Since the school's deep learning tasks are all uploaded and run on the school's GPU cluster, it becomes very troublesome to visualize and debug the program. After many twists and turns, I finally found a solution, which is to use Pycharm to connect through the springboard machine through the ssh tunnel. Intranet server. Now let’s summarize this.
The current cluster structure of our school is a three-level structure. If you are the same, then the following method can probably be used.
1. First configure login
1.1 Modify the local host file
First of all, everyone knows the account number of their own springboard machine, which can be written to the host, so that there is no need to enter the IP every time. The location of the host file under the Windows system is as follows:
C:\Windows\System32\drivers\etc\hosts
host 文件的格式:IP 名称
1.2 Configure xshell software
Create a new link
name : Springboard test
host name : jiqun
[You have just configured the host, you can enter jiqun directly]

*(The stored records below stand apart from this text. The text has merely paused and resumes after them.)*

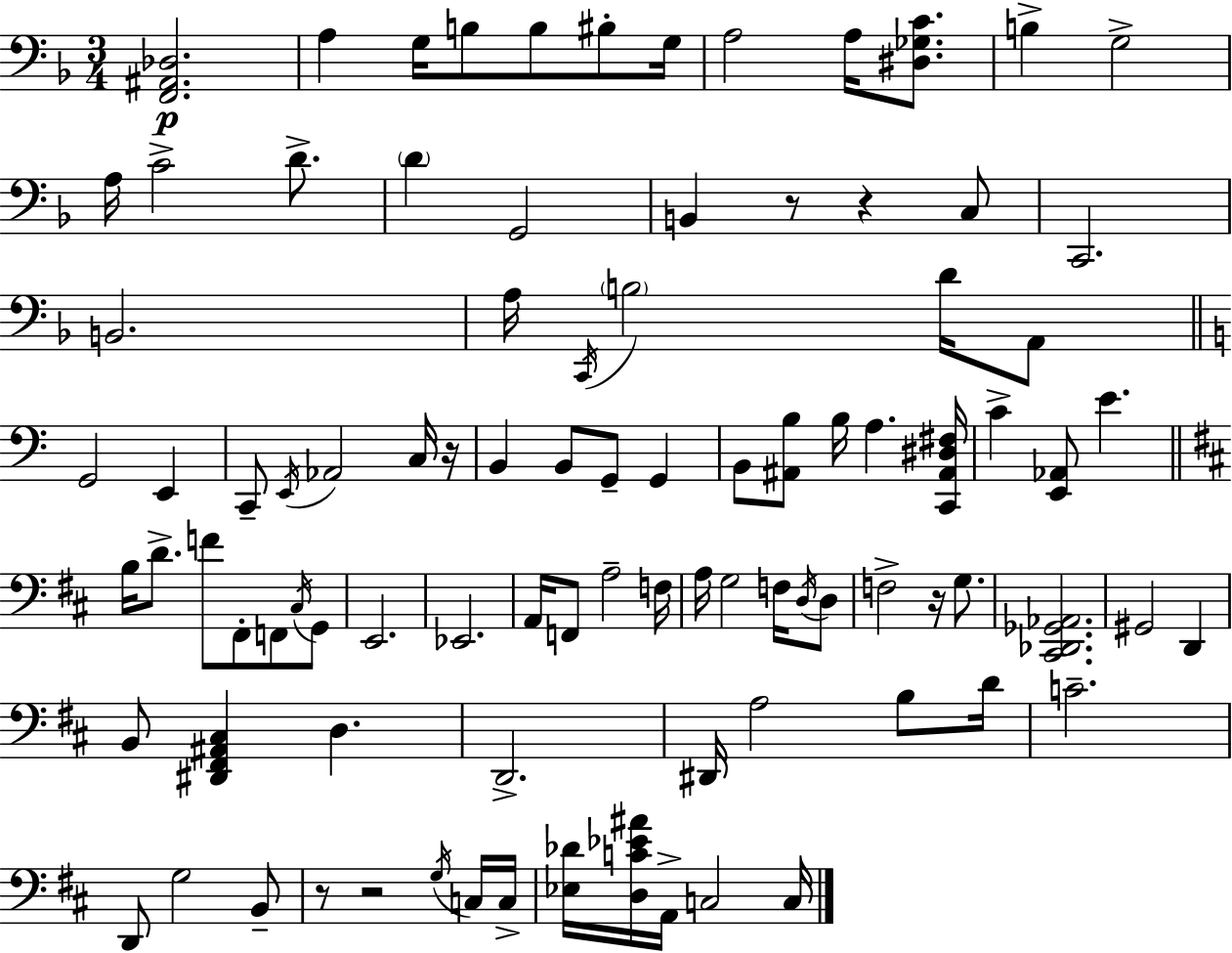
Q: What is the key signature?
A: D minor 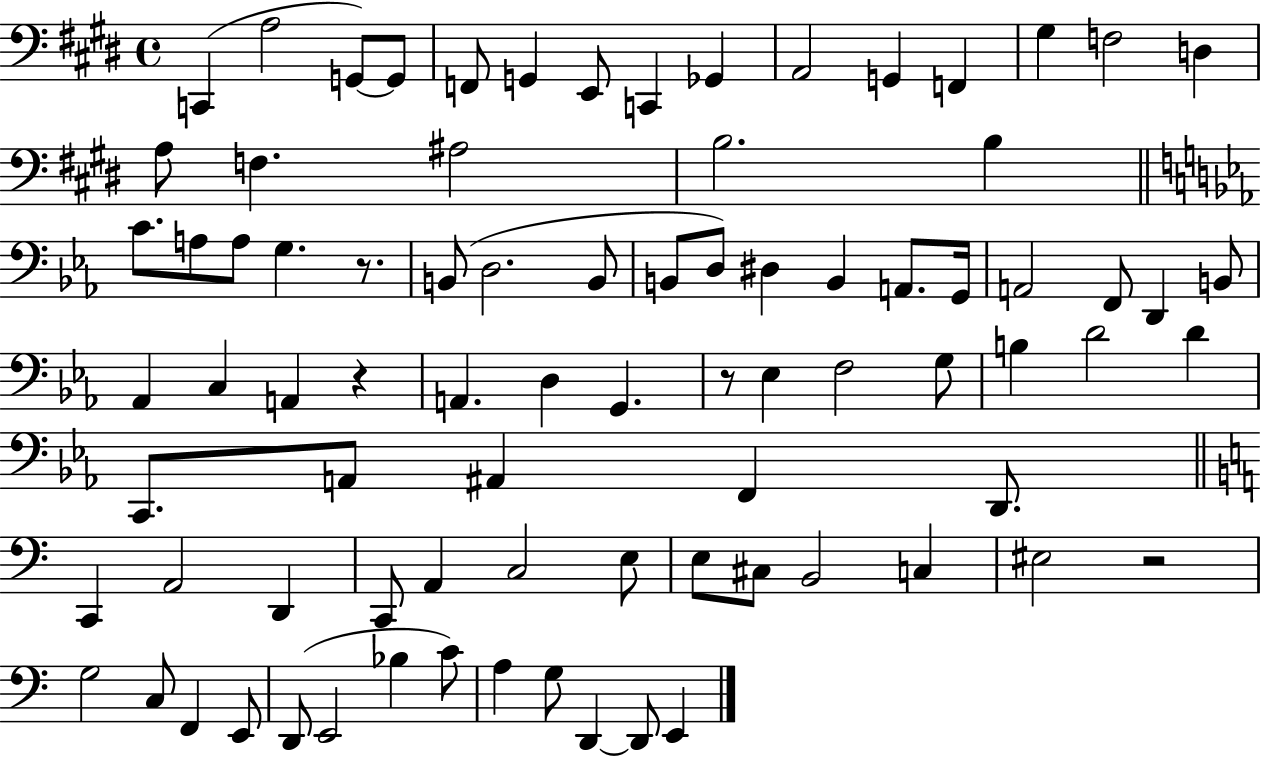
C2/q A3/h G2/e G2/e F2/e G2/q E2/e C2/q Gb2/q A2/h G2/q F2/q G#3/q F3/h D3/q A3/e F3/q. A#3/h B3/h. B3/q C4/e. A3/e A3/e G3/q. R/e. B2/e D3/h. B2/e B2/e D3/e D#3/q B2/q A2/e. G2/s A2/h F2/e D2/q B2/e Ab2/q C3/q A2/q R/q A2/q. D3/q G2/q. R/e Eb3/q F3/h G3/e B3/q D4/h D4/q C2/e. A2/e A#2/q F2/q D2/e. C2/q A2/h D2/q C2/e A2/q C3/h E3/e E3/e C#3/e B2/h C3/q EIS3/h R/h G3/h C3/e F2/q E2/e D2/e E2/h Bb3/q C4/e A3/q G3/e D2/q D2/e E2/q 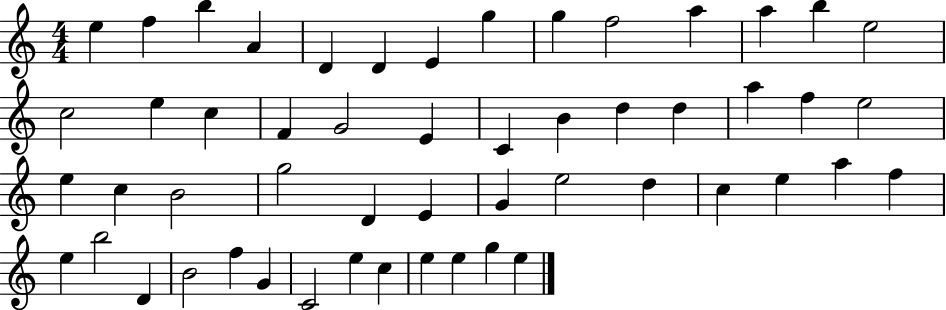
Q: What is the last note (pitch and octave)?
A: E5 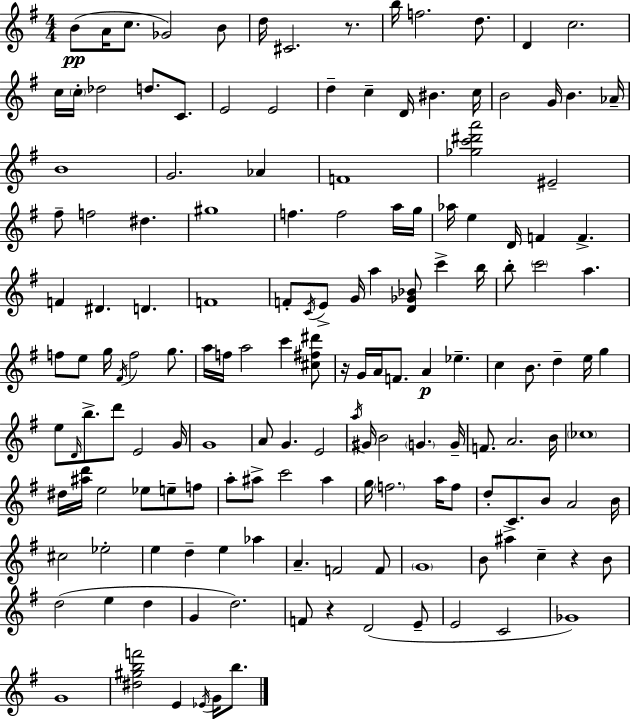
{
  \clef treble
  \numericTimeSignature
  \time 4/4
  \key g \major
  b'8(\pp a'16 c''8. ges'2) b'8 | d''16 cis'2. r8. | b''16 f''2. d''8. | d'4 c''2. | \break c''16 \parenthesize c''16-. des''2 d''8. c'8. | e'2 e'2 | d''4-- c''4-- d'16 bis'4. c''16 | b'2 g'16 b'4. aes'16-- | \break b'1 | g'2. aes'4 | f'1 | <ges'' c''' dis''' a'''>2 eis'2-- | \break fis''8-- f''2 dis''4. | gis''1 | f''4. f''2 a''16 g''16 | aes''16 e''4 d'16 f'4 f'4.-> | \break f'4 dis'4. d'4. | f'1 | f'8-. \acciaccatura { c'16 } e'8-> g'16 a''4 <d' ges' bes'>8 c'''4-> | b''16 b''8-. \parenthesize c'''2 a''4. | \break f''8 e''8 g''16 \acciaccatura { fis'16 } f''2 g''8. | a''16 f''16 a''2 c'''4 | <cis'' fis'' dis'''>8 r16 g'16 a'16 f'8. a'4\p ees''4.-- | c''4 b'8. d''4-- e''16 g''4 | \break e''8 \grace { d'16 } b''8.-> d'''8 e'2 | g'16 g'1 | a'8 g'4. e'2 | \acciaccatura { a''16 } gis'16 b'2 \parenthesize g'4. | \break g'16-- f'8. a'2. | b'16 \parenthesize ces''1 | dis''16 <ais'' d'''>16 e''2 ees''8 | e''8-- f''8 a''8-. ais''8-> c'''2 | \break ais''4 g''16 \parenthesize f''2. | a''16 f''8 d''8-. c'8. b'8 a'2 | b'16 cis''2 ees''2-. | e''4 d''4-- e''4 | \break aes''4 a'4.-- f'2 | f'8 \parenthesize g'1 | b'8 ais''4-> c''4-- r4 | b'8 d''2( e''4 | \break d''4 g'4 d''2.) | f'8 r4 d'2( | e'8-- e'2 c'2 | ges'1) | \break g'1 | <dis'' gis'' b'' f'''>2 e'4 | \acciaccatura { ees'16 } g'16 b''8. \bar "|."
} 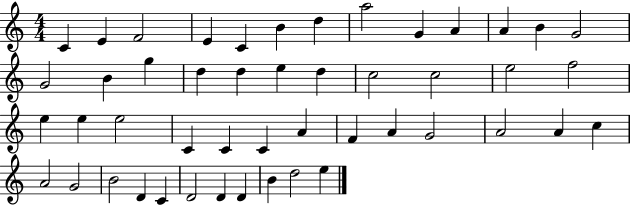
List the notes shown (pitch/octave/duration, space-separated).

C4/q E4/q F4/h E4/q C4/q B4/q D5/q A5/h G4/q A4/q A4/q B4/q G4/h G4/h B4/q G5/q D5/q D5/q E5/q D5/q C5/h C5/h E5/h F5/h E5/q E5/q E5/h C4/q C4/q C4/q A4/q F4/q A4/q G4/h A4/h A4/q C5/q A4/h G4/h B4/h D4/q C4/q D4/h D4/q D4/q B4/q D5/h E5/q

Next, click the "User Authentication" button and enter your user name and password. After configuration, you do not need to enter it every time. After
the configuration is completed, perform a login test. If you can log in successfully, it means that the previous configuration is OK.
1.3 Get the address of the GPU node you want to link to
Enter the command and copy the node address you need to the host file of your local PC
cat /etc/hosts
Add it to the host file of your local PC
At this point, the login configuration work is over~
2. Configure the tunnel
Edit the "springboard test" just configured in xshell. Right click->Properties
Click the Tunnel button, then click Add. Pay
special attention
to the source host name is localhost , the port number is 6000 ,
the destination host name is node06, the port number is 22,
and then click "User Authentication". Enter the account password, the same as the previous steps.
After the configuration is complete, try to connect! [The first link time may be a bit long]
The following interface appears and the login is successful!
3. Configure pycharm
3.1 Configure the python interpreter of the project file
Click File -> Settings in pycharm, and then complete the following 5 steps. Note that the Host is localhost
and enter the password [This step may be stuck. If an error occurs, it is recommended to try a few more times]
Configure the corresponding file address of the interpreter. It is recommended to create a folder with the same name as the local file on the cluster for mapping project files.
At this point we have completed the configuration. If you see the following content, the configuration is successful.
3.2 Configuration file synchronization
At this point, the file synchronization configuration is completed.
4 Test remote debugging
If your code has parameters, you can add parameters using the following method.
Set a breakpoint below for debugging.
The above is all the content. If you have any questions, please feel free to comment. If you see it, you will reply~. Welcome to communicate.